We’ve all seen that hashtag on stupid memes and as captions for the rich, famous, and spoiled, but not so much on the humblest and hardest working people. It often seems they’re the ones who suffer quietly and simply get things done while their achievements go overlooked. While I totally understand how it’s easy with all the ugly things going on in the world to want to lighten up the mood with jokes (hey, we all got ‘em), it makes me sad to realize how many of us are suffering on the inside. If we look long enough at history’s most famous scenes, we will find many true stories of loss, poverty, and illness behind them.
What I’m learning as I continue on my own journey is growth only happens when we choose to share our struggles. My experience seems to be we tend to stand solid in the belief we’re islands, our problems are solely ours, and nobody could possibly understand. However, we can all understand (sympathy), even when we can not relate (empathy) and that’s a tough space to be for a lot of people who are seeking support.
Two and a half years ago I experienced a crazy year when ten people died in the span of seven months. It started with one of my best friends committing suicide (unexpected for me, although as time passed I learned she had planned it) and it turned my world upside down.
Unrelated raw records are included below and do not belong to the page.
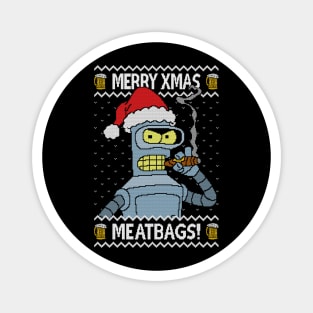 Merry Xmas Meatbags! Magnet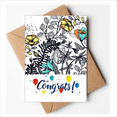 thumbnail image 1 of Arte Moderno camelia flores plantas dibujados Sobre de la Carta de felicitación de la tarjeta de matrimonio, 1 of 4
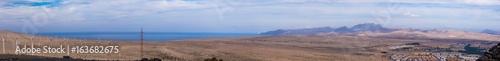 Panorama of the mountain range in the Canary Islands Spain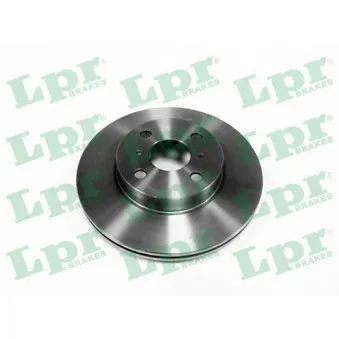LPR T2058V - Jeu de 2 disques de frein avant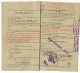 Fascicule De Mobilisation, 2 Volets, Bureau Recrutement Dijon, Lieu Convocation, Rejoignez : Louhans - 1952, Classe 1938 - Documents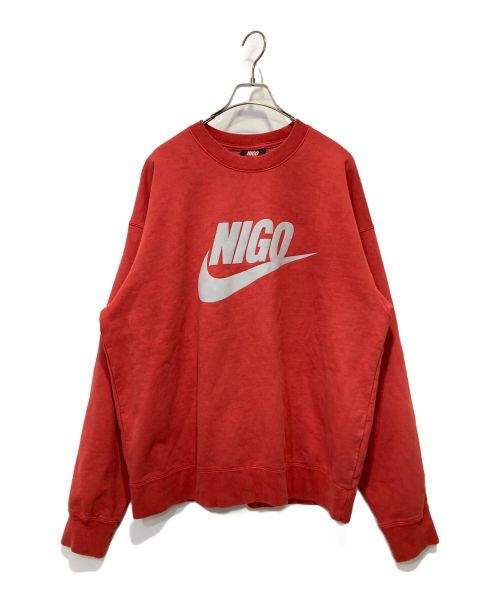 NIKE（ナイキ）NIKE (ナイキ) NIGO (二ゴー) NRG Crew Fleece Red レッド サイズ:XLの古着・服飾アイテム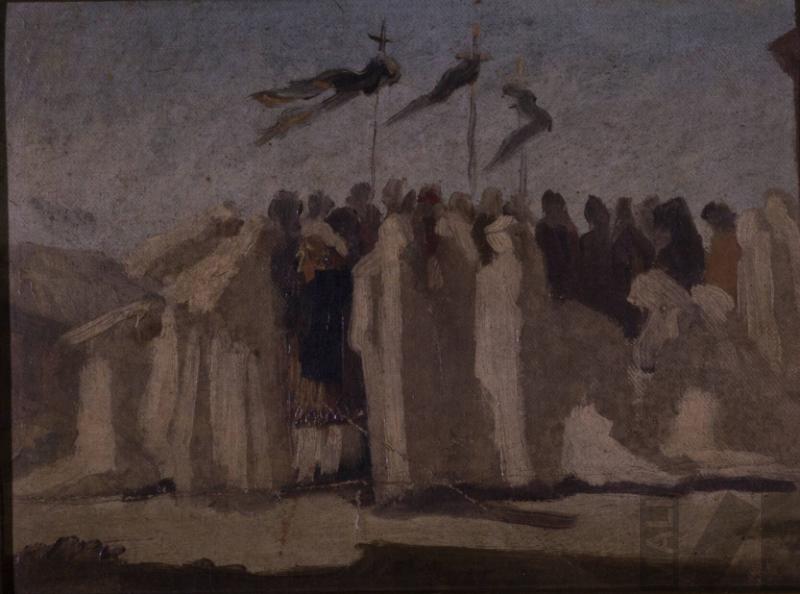 Escena en el desierto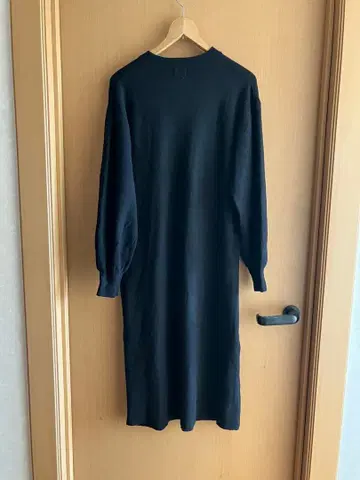 URBAN RESEARCH DOORS 블랙 롱 니트 원피스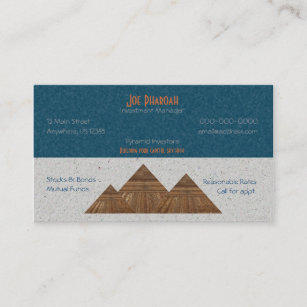 Egyptian Topaz Golden Pyramid Abstract Art Business Card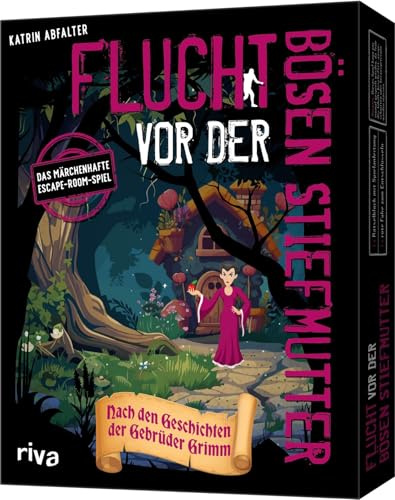 Flucht vor der bösen Stiefmutter: Geschenk für Fans von Märchen, Rätsel und Krimi. Zu Geburtstag, Weihnachten. Ab 12 (Flucht aus, Band 12)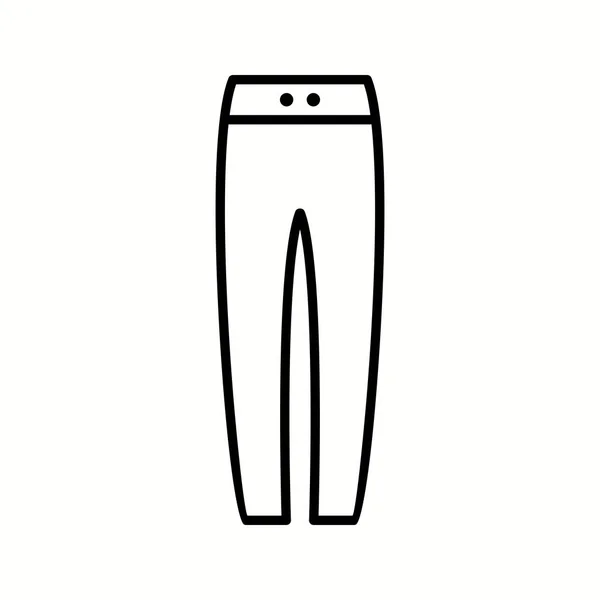 Ícone de linha de vetor de calças quente exclusivo —  Vetores de Stock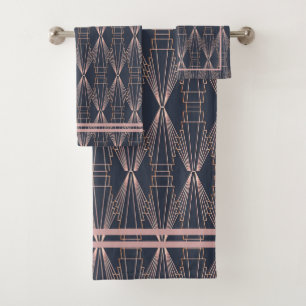 Art Deco Bath Towel Set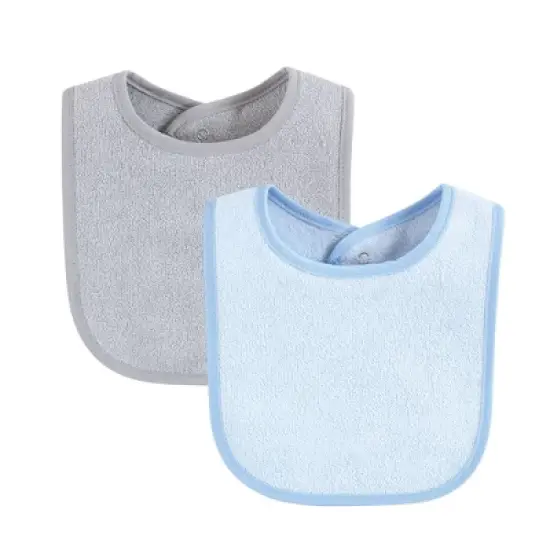 Hudson Baby Drooler Bib with Waterproof Lining, Blue Red, One Size image {3}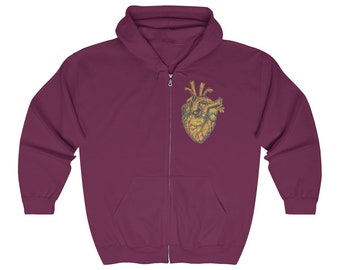 Unisex Heavy Blend Full Zip Hooded Sweatshirt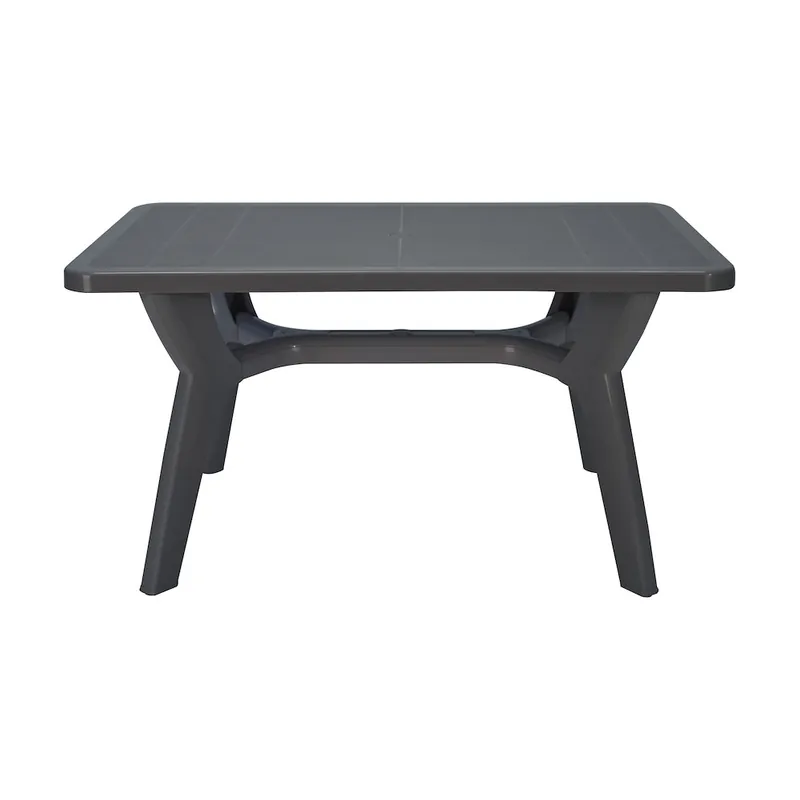 Pagoda Tisch 140 x 85 cm Anthrazit Aktuell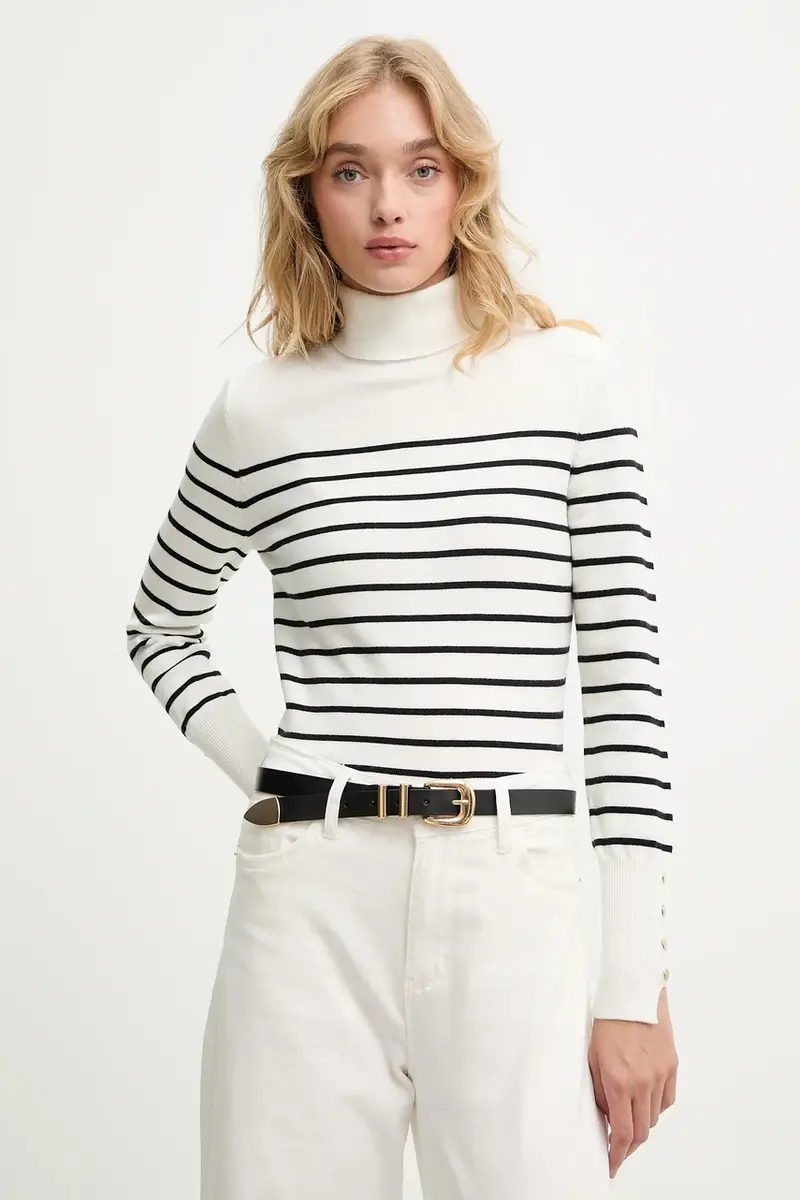 maglione in cashemire donna colore beige miniatura 4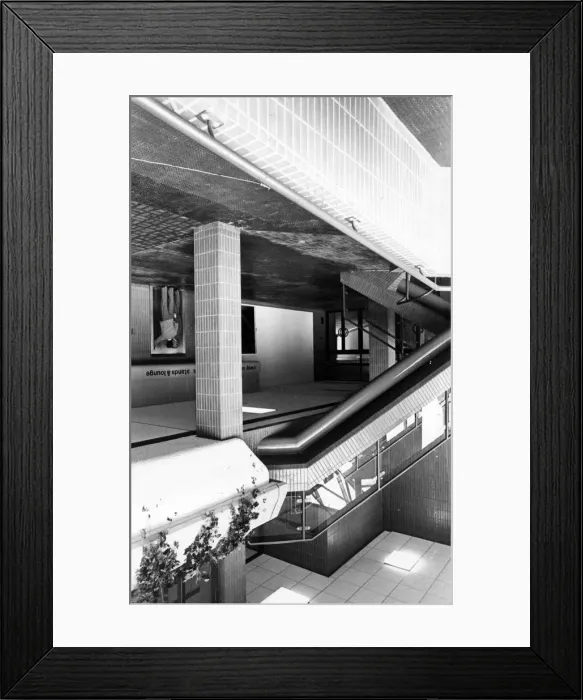 Framed Print : Middlesbrough Bus Station, Teesside, 1st October 1982 Framed Print : Middlesbrough Bus Station, Teesside, 1st October 1982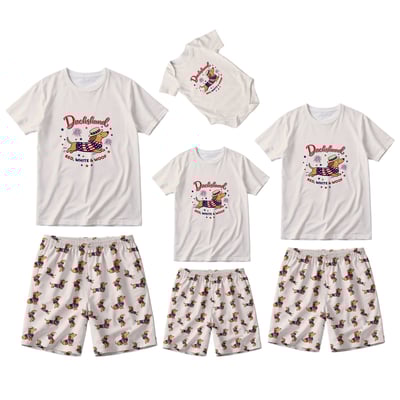 4th of July Dachshund Family Matching Pajamas Red White and Woof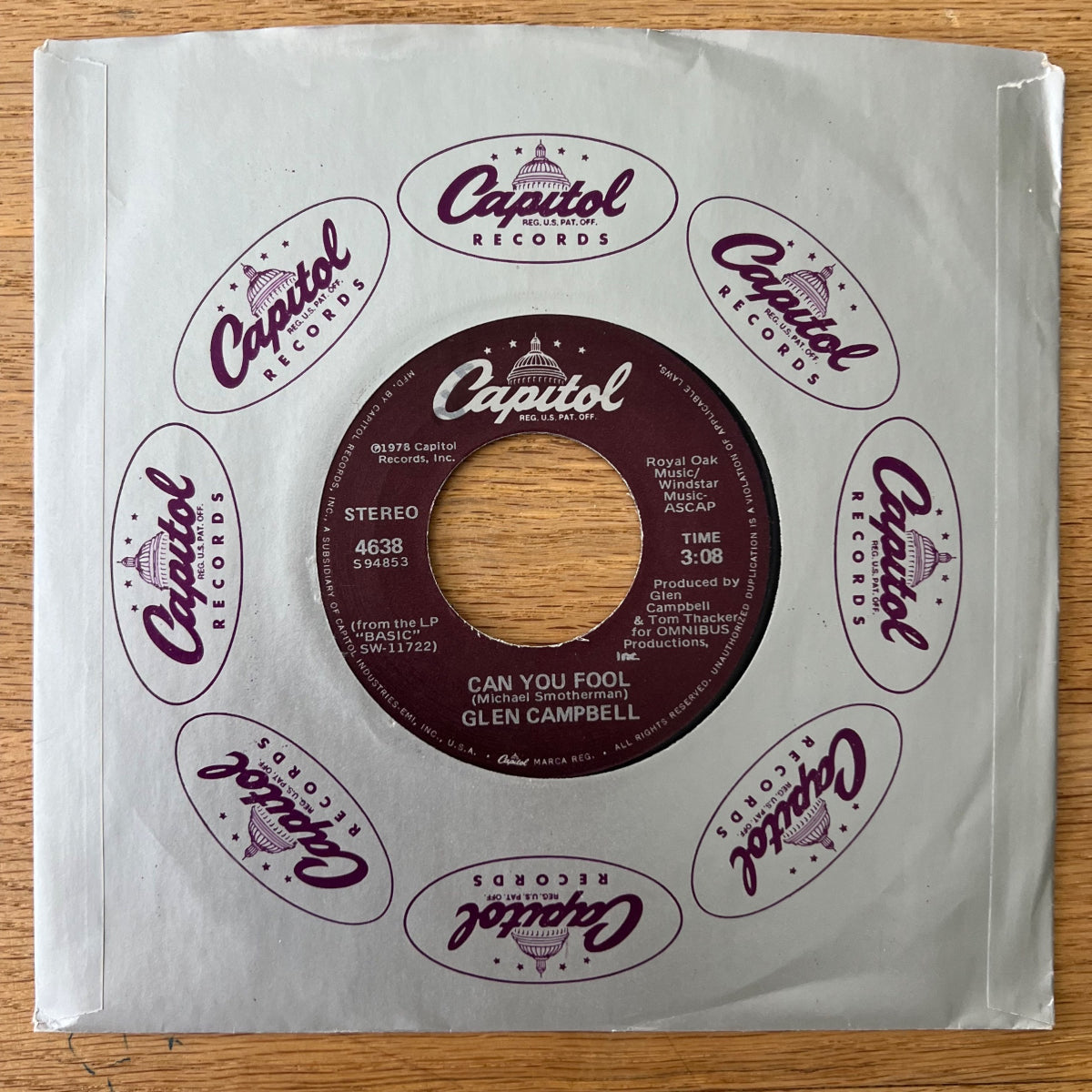 Glen Campbell - Can You Fool / 1. US-Press. 1978 - (M-/VG+)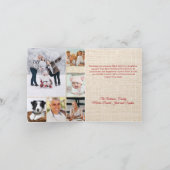 Vrolijk kerstfotojaar in review beige burlap feestdagen kaart (Binnen)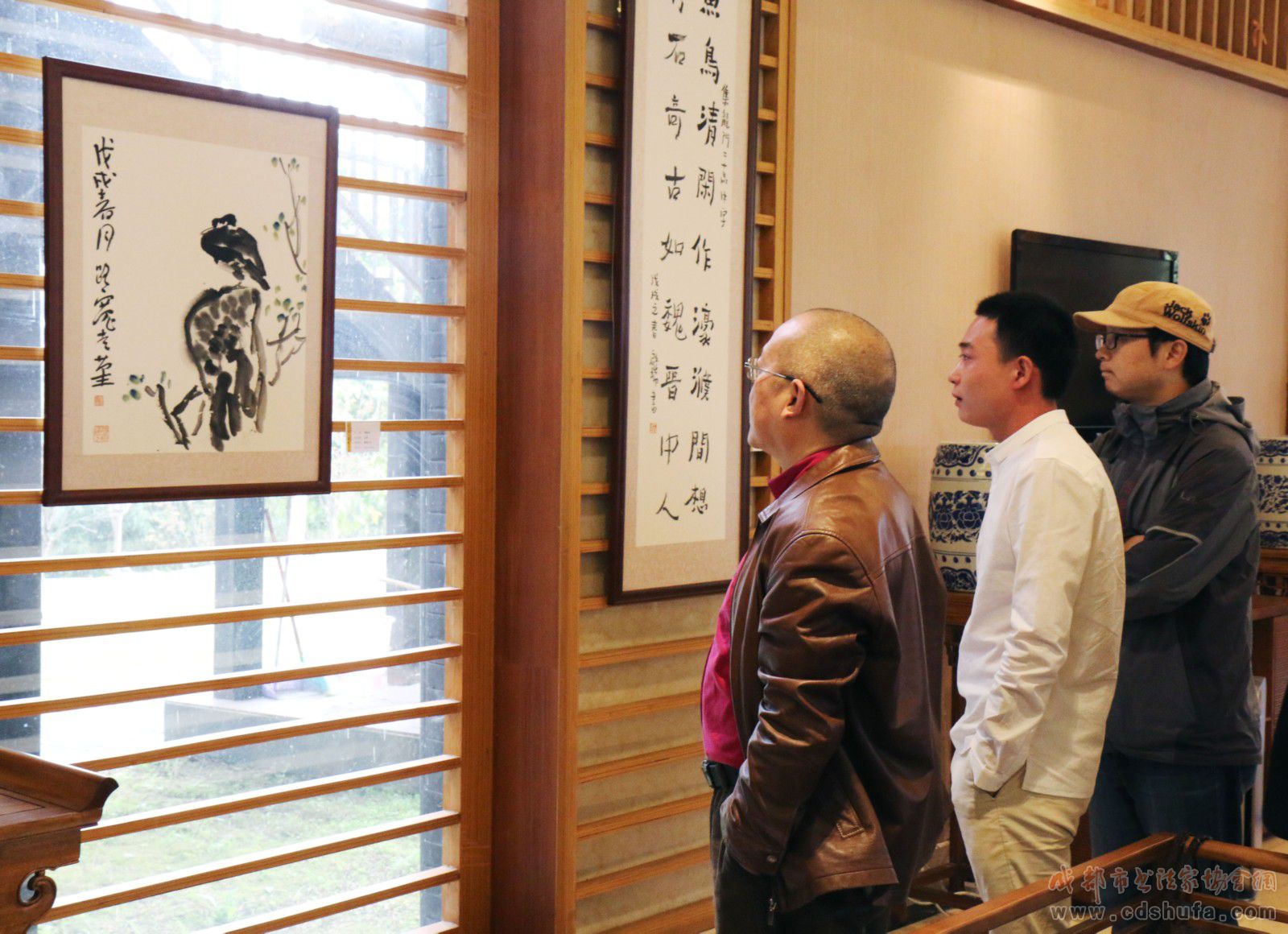 蒲江县书画家协会举办“茗心相久·佳处长留”成佳同乡四人书画展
That same year I lost my job because management couldn’t understand what was wrong with me, was dumped when my boyfriend at the time said he couldn’t understand why I was taking this so hard for so long (this was three months and five deaths in), and everything I thought I knew about myself, life, friendships, family, love, spirituality, mental health, education, career, and everything in between became nothing more than a gigantic question mark.
Ann-Marie was a friend who shaped my being; I’d never be me had our paths not crossed one day in a bookstore, and her death continues to motivate me to do my very best. She would never want me to wallow which is why it’s her laughter I recall in moments of much needed guidance. I never heard her complain about a pain she couldn’t escape. She was not alone and neither am I in this aftermath. Neither are you, no matter what ails you.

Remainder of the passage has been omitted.